Our Lady of La Vang
The power of the Virgin Mary for Vietnamese Catholics—at home and in diaspora
In recent years, I have visited some of the great American shrines to the Virgin Mary. From Emmitsburg, Maryland, to Chimayó, New Mexico, I have had very similar conversations with local volunteers. They are amazed and delighted by one group above all. These Vietnamese visitors, they say, they are so Catholic, and so devoted to the Virgin. And there are always so many of them! Who knew? Well-meaning White, American Christians continue to be startled to realize just how global their church has become.

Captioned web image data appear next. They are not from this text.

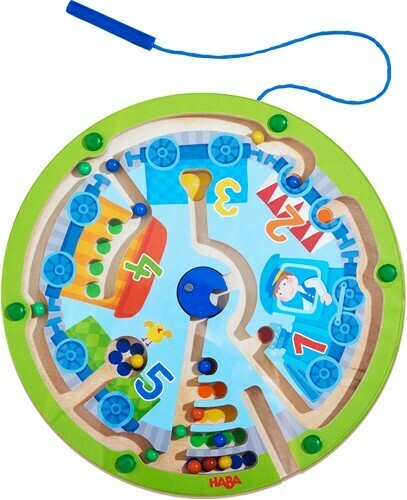 Jeu magnétique Le petit train de billes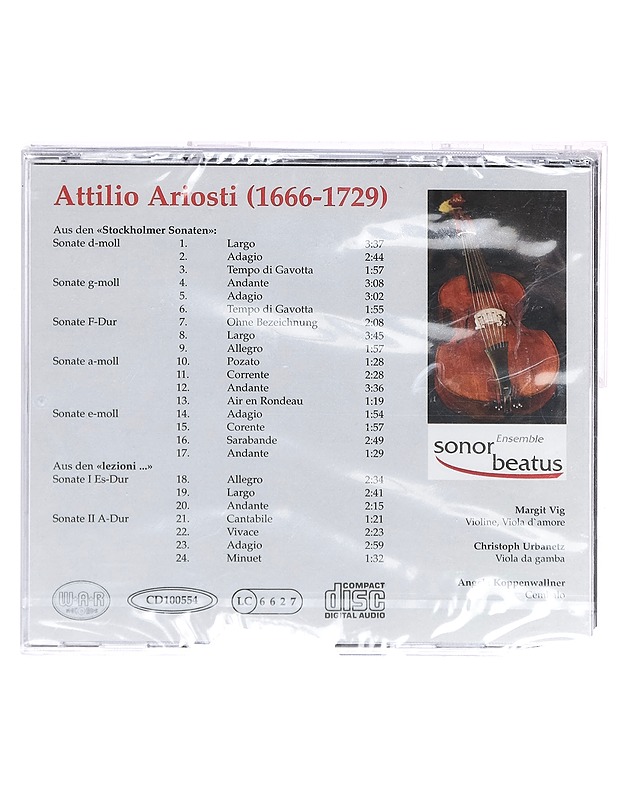 Attilio Ariosti - Music of the Ensemble Sonor Beatus Vol 1 - CD - CD-levyt - 10105391081 - 1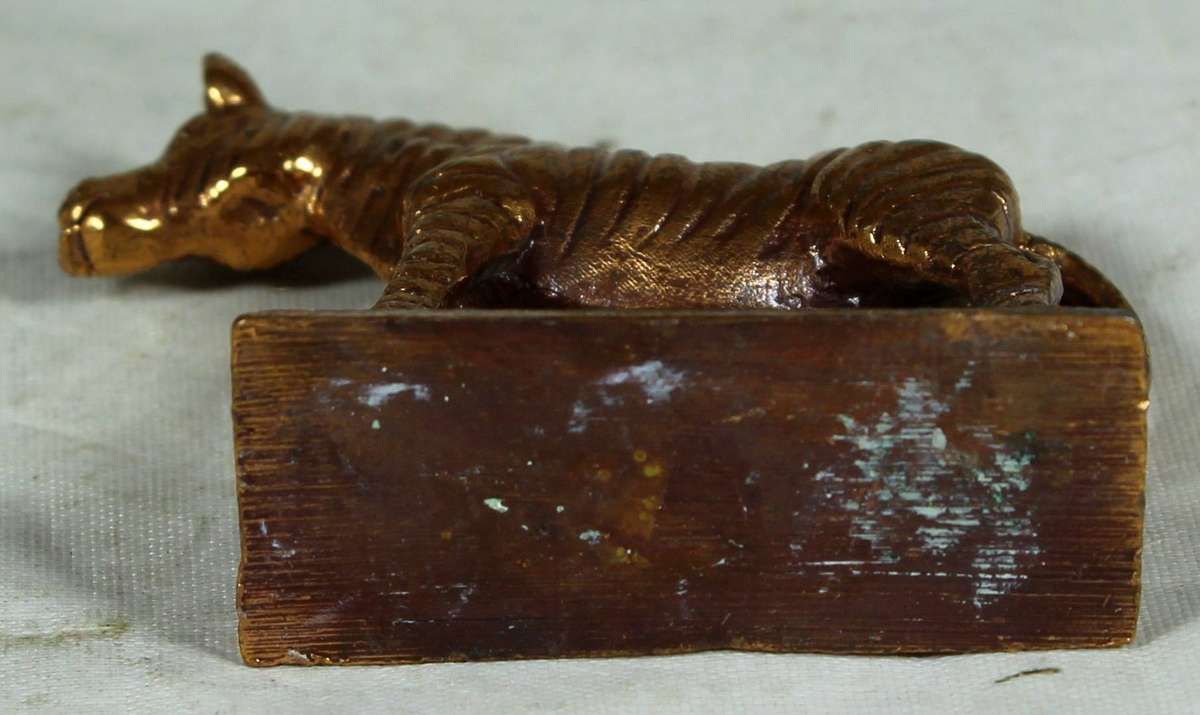 Miniature copper plated - Zebra
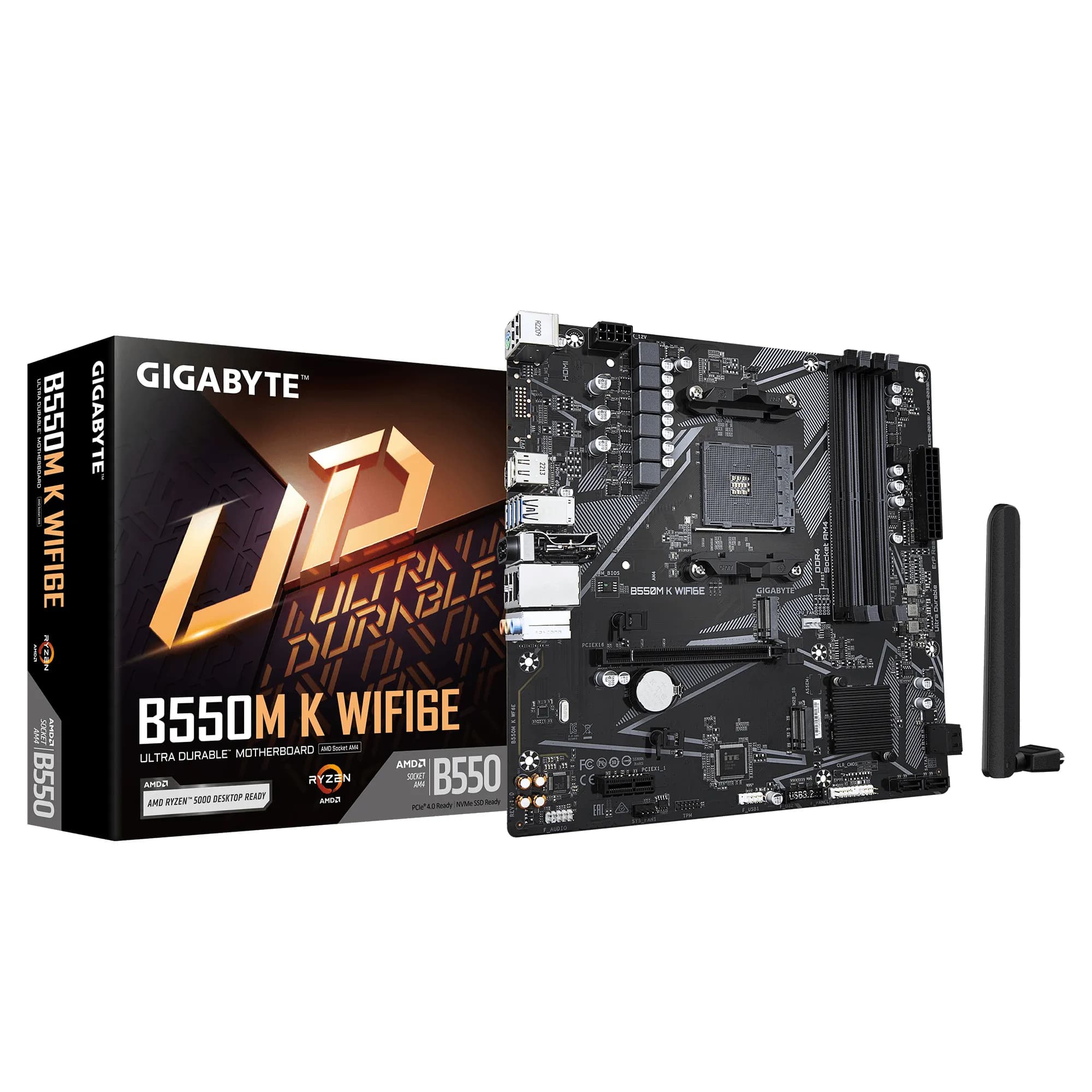 Gigabyte B550M K WiFi 6E AM4 mATX-emolevy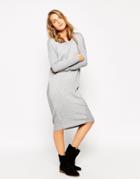 Asos Oversized Sweater Dress - Gray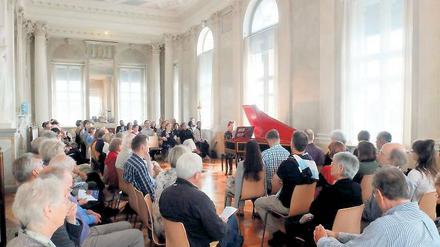 Viel Publikum beim „Claviermarathon“. Hier beim Konzert mit dem Cembalisten Frédérick Haas im Marmorpalais.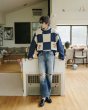 画像6: PROFOUND / distressed checkered knitted sweater (6)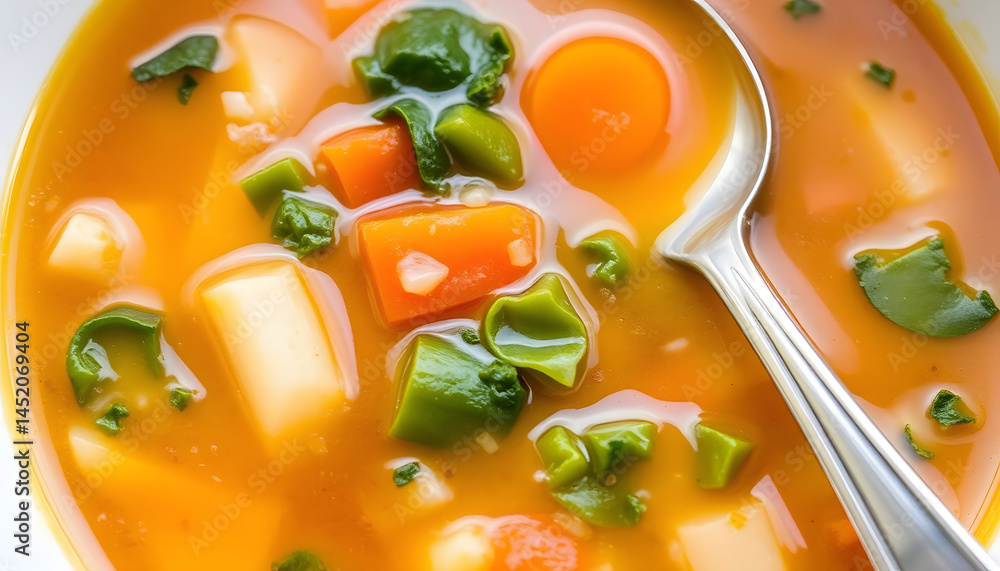 Vegetable Soup. with white shades Vegetable Soup. with white shades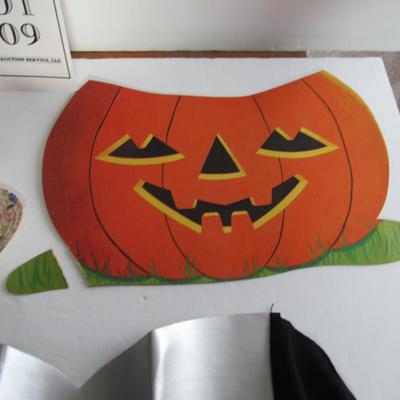 Halloween Lot, Metal JOL Bell, Mask, Super Hero's Belt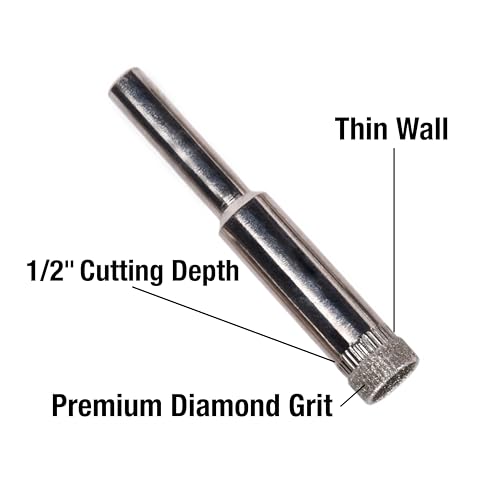 Century Drill & Tool 05578 Diamond Hole Saw, 7/8" 7/8"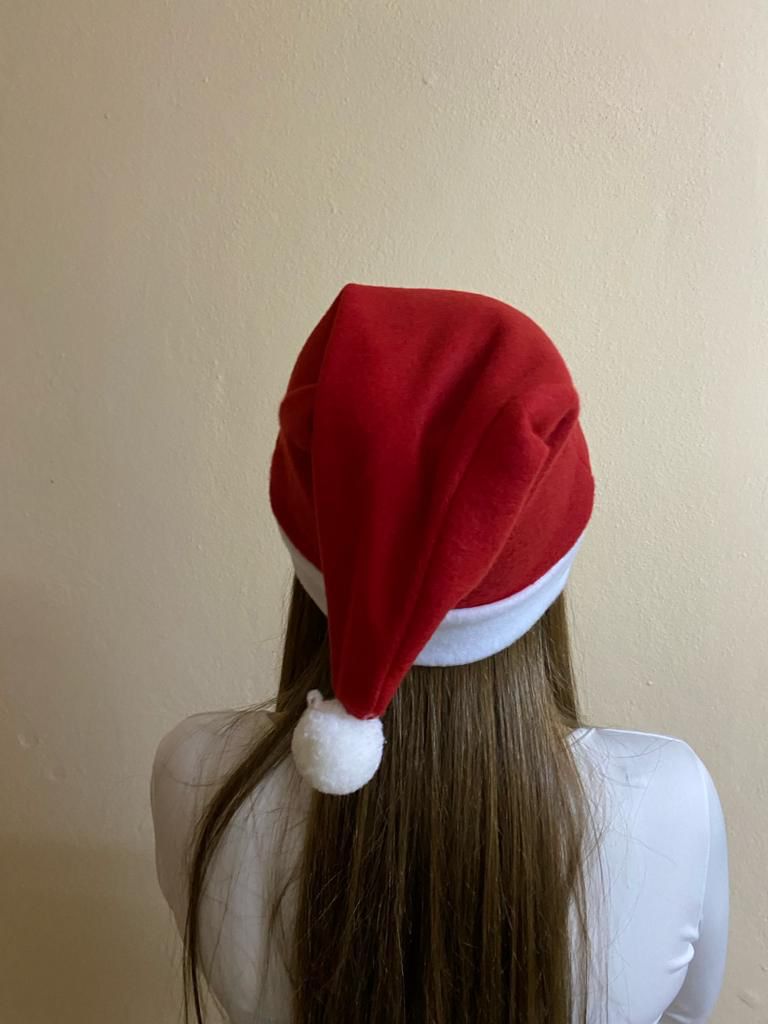 Yeniyıl Kırmızı Polar Yılbaşı Noel Baba Şapkası - Parti Şapka Yeniyıl Kırmızı Polar Yılbaşı Noel Baba Şapkası - Parti Şapka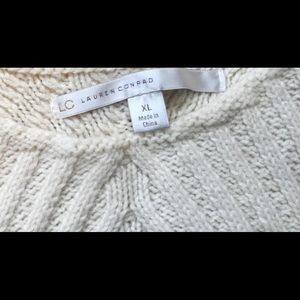 Cold shoulder sweater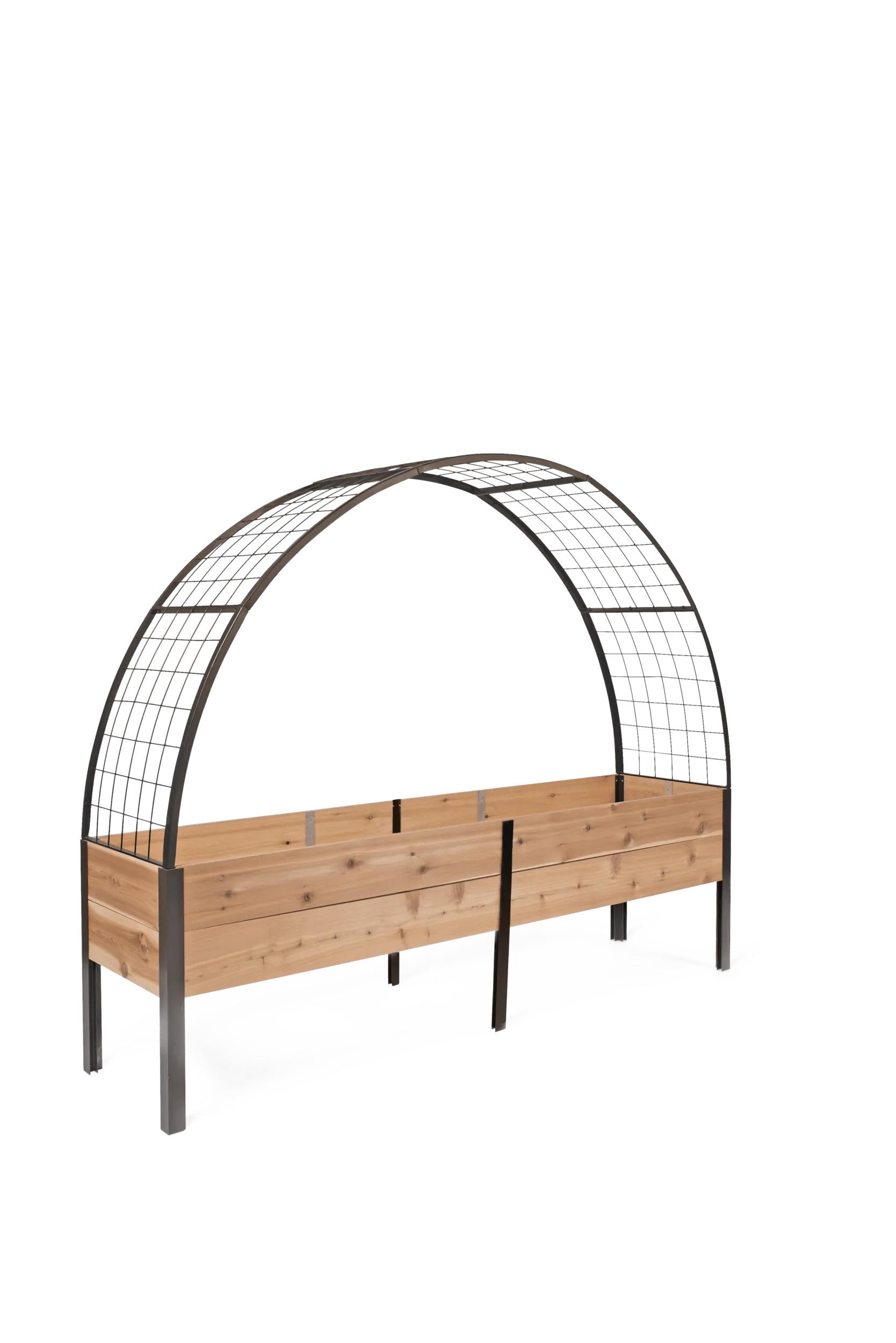 66-2-x-8-arch-trellis-for-planter-boxes-7.webp 2' x 8' Arch Trellis for Planter Boxes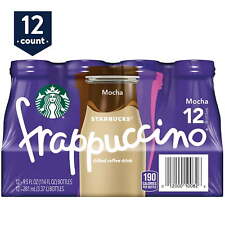 Starbucks Frappuccino Mocha Iced Coffee Drink, 9.5 fl oz 12 Pack Bottles picture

Around the world, many Catholic societies portray the Virgin in distinctive local and national forms, reflecting their own stories and traditions. Often, those local connections are so strong that you can almost write a history of the Catholic presence in a given country by telling the story of that particular Virgin, of her deeds and her travels. Vietnam’s own Mary, the Our Lady of La Vang, is at once a symbol of survival and exile, of mission and globalization
The story of Our Lady of La Vang dates from 1798, when a growing Catholic presence in Vietnam was being ruthlessly suppressed by the Buddhist and Confucian rulers of the empire. This was part of a brutal suppression that recurred sporadically over centuries, probably claiming hundreds of thousands of lives in all. In consequence, Vietnam’s Catholic Church understands itself as a true martyr church, quite as much as that of, say, Poland.